3700 cc injecors are the way to go. you can find them stock on the sr20det, the 300zxtt and the Q45.
-dave


----------



## wes (Apr 30, 2002)

niss200sx said:


> I plan on turboing my GA16 in hopes that in the future im going up grade my engine to a SR20, and then ill be aboul to take my turbo with me to the SR20. My question is what is the best turbo bar and none that will fit an SR20 and a GA16? For example is an HKS ( a high priced turbo) worth the extra money as compared to a Hot Shot Turbo Kit that come pretty much ready to go?
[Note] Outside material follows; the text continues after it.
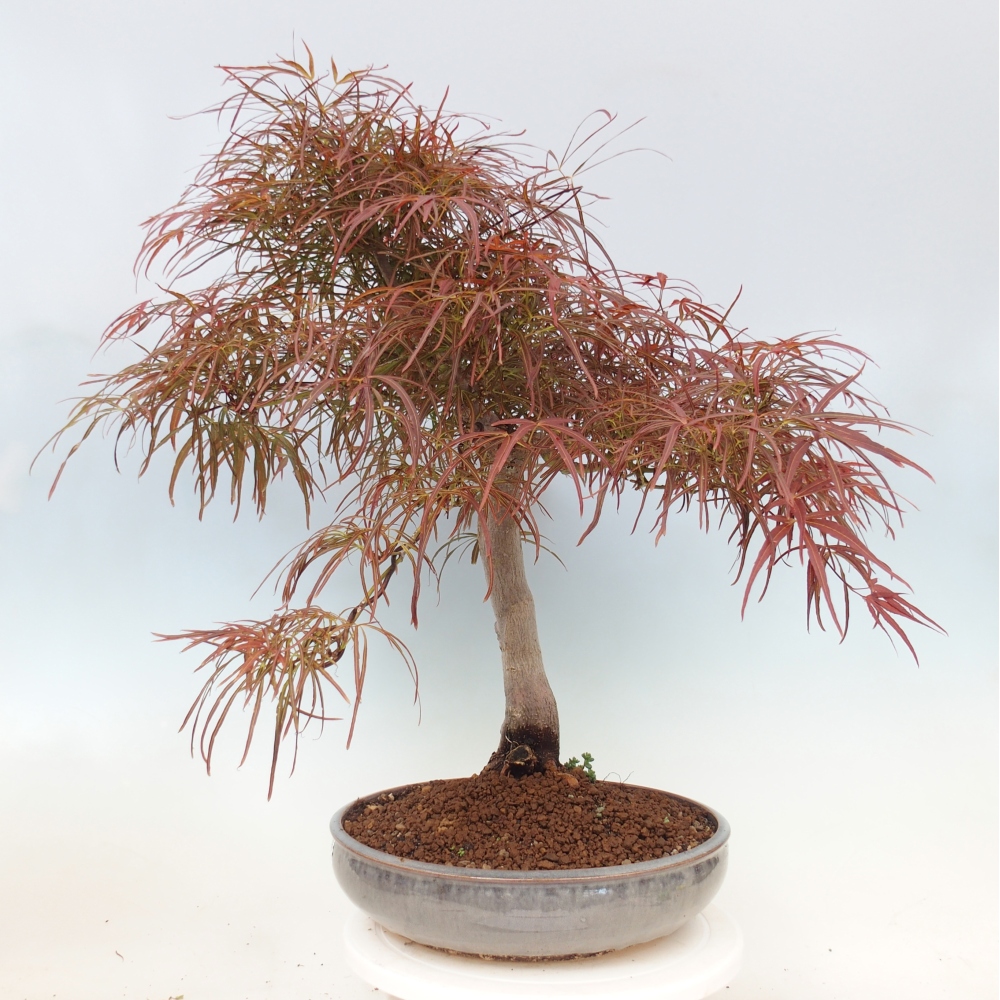 Bonsai für draußen - Acer palmatum RED PYGMY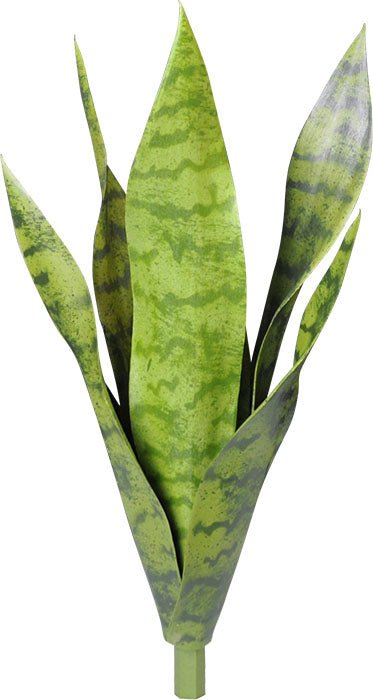 SANSEVERE ZELANICA TÊTE 40.5 CM (16 PO) - Créations Festives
My next question is can I take my bigger injectors from my GA16 and put them into my SR20 if they are still in good shape? I have heard that new Subaru's come with 400- 450 cc. injectors, would those injectors fit in an SR or GA whatever?


You will need a new manifold, DP, and IC piping to take this setup to an SR. My opinion is to not spend your $$$ on the 1.6 turbo if you are for sure going to get a DE-T as you will be stuck with quite a few parts you cannot use that aren't exactly cheap.


----------



## niss200sx (Mar 12, 2004)

*Swapping GA to a SR with interchangable parts*



wes said:


> You will need a new manifold, DP, and IC piping to take this setup to an SR. My opinion is to not spend your $$$ on the 1.6 turbo if you are for sure going to get a DE-T as you will be stuck with quite a few parts you cannot use that aren't exactly cheap.[/QUOTE
> 
> If im not mistaken im looking at way more interchangable parts then just IC piping, and the exhaust manifold. OK heres a list of what seems to be interchangable and what is not. Tell me if im wrong or if you can add anything anywhere.
> *Interchangable*
> ...


----------



## James (Apr 29, 2002)

actually intercooler piping, turbo and intercooler will probably all you want to get off a sr20... the injectors are only 259cc and the JWT ECU will not work.


----------



## morepower2 (Apr 19, 2002)

dave_f said:


> 3700 cc injecors are the way to go. you can find them stock on the sr20det, the 300zxtt and the Q45.
> -dave


those are damn big injectors!

Mike


----------